START Data provided
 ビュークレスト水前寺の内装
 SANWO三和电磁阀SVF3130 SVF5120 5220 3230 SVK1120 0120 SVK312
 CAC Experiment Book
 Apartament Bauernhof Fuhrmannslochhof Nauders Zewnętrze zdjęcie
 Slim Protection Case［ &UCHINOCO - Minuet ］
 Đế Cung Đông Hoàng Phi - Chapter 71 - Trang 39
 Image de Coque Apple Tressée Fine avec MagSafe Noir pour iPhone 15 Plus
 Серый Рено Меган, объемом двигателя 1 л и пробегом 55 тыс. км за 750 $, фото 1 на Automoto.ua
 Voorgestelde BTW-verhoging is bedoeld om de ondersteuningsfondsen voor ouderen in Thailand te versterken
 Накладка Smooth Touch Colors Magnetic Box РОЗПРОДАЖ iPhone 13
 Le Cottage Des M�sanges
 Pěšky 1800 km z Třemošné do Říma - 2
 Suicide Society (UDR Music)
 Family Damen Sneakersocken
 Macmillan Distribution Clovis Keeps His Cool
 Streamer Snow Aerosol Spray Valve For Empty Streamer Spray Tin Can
END Data provided
Task to carry out
Exact copies of the lines from the one holding "Đế Cung Đông" to the end of the entries are all that should be written.

Exercise result
 Đế Cung Đông Hoàng Phi - Chapter 71 - Trang 39
 Image de Coque Apple Tressée Fine avec MagSafe Noir pour iPhone 15 Plus
 Серый Рено Меган, объемом двигателя 1 л и пробегом 55 тыс. км за 750 $, фото 1 на Automoto.ua
 Voorgestelde BTW-verhoging is bedoeld om de ondersteuningsfondsen voor ouderen in Thailand te versterken
 Накладка Smooth Touch Colors Magnetic Box РОЗПРОДАЖ iPhone 13
 Le Cottage Des M�sanges
 Pěšky 1800 km z Třemošné do Říma - 2
 Suicide Society (UDR Music)
 Family Damen Sneakersocken
 Macmillan Distribution Clovis Keeps His Cool
 Streamer Snow Aerosol Spray Valve For Empty Streamer Spray Tin Can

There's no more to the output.